Yuque deploys all the third-party services to Function Compute, and splits features of the task cluster into functions and deploy these functions to Function Compute. Function Compute offers the following features to resolve the preceding issues:
- You are charged for the actual time when CPU runs to execute code. This eliminates the need to maintain the task cluster for a long period of time.
- Although resident functions are optimized during function execution in Function Compute, issues caused by long-term running can be prevented. Calls are independent of each other.
- Code that you enter runs in a sandbox container. Regardless of whether the user input is filtered, hackers cannot obtain sensitive information or enter the internal network to run malicious code, which is more secure.
In addition to the preceding features, Yuque replaces ApsaraVideo VOD with a combination of Object Storage Service (OSS) and Function Compute to transcode videos and audio files.
Only a few video and audio formats can be directly played by browsers. Most videos that you upload must be transcoded before they can be directly played on Yuque. Typically, FFmpeg is a common tool to transcode videos and audio files. The transcoding service is CPU-intensive. A self-managed video transcoding cluster can waste a large amount of resources. Use of ApsaraVideo VOD causes high costs and resources that can be managed are limited. Function Compute integrates FFmpeg in the application center to provide audio and video processing capabilities and works with Log Service to implement monitoring and data analysis. After the audio and video processing service is migrated from ApsaraVideo VOD to Function Compute, Yuque reduces costs by 80% by optimizing the compression rate and reducing unnecessary transcoding.
Benefits of Function Compute
Yuque does not migrate web services to Function Compute as the small form factor (SFF) does. The current architecture of Function Compute is not good at SFF. However, Function Compute plays an important role in the stability, security, and cost control of the overall architecture of Yuque. Function Compute is ideal for the following scenarios:
- Perform CPU-intensive operations that do not have high requirements for timeliness and distribute CPU loads of the primary service.
- Work as a sandbox container to run code that you enter.
- Run unstable third-party application software.
- Provide highly scalable services.
After Function Compute was introduced, the architecture of Yuque is centered around Monolith Application. Independent function modules are divided into microservices and serverless architectures based on scenarios and capability requirements. Application architectures are closely related to team members and business forms. Various cloud services and infrastructure have improved, and Yuque can choose a more appropriate architecture.

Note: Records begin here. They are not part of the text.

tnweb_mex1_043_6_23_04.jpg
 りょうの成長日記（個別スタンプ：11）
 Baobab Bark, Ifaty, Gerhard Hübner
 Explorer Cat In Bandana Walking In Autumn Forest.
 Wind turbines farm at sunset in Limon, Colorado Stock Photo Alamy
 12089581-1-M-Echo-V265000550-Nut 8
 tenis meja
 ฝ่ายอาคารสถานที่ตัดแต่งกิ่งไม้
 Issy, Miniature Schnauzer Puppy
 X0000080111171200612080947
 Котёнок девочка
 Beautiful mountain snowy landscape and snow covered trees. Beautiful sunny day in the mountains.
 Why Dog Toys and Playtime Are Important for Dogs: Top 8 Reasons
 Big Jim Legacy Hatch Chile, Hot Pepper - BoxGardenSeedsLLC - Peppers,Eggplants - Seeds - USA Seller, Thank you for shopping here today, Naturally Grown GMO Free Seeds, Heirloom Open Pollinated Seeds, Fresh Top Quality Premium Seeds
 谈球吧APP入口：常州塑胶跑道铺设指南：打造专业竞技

Based on the serverless architecture, Yuque can migrate tasks that have security risks or consume a large amount of CPU resources to Function Compute. This way, these tasks run in a sandbox environment to protect against malicious code. This approach also removes these CPU-intensive tasks from the primary service so that they do not block the primary service during concurrent operations. The pay-as-you-go billing method can significantly reduce costs because you do not need to deploy a resident service for low-frequency feature scenarios.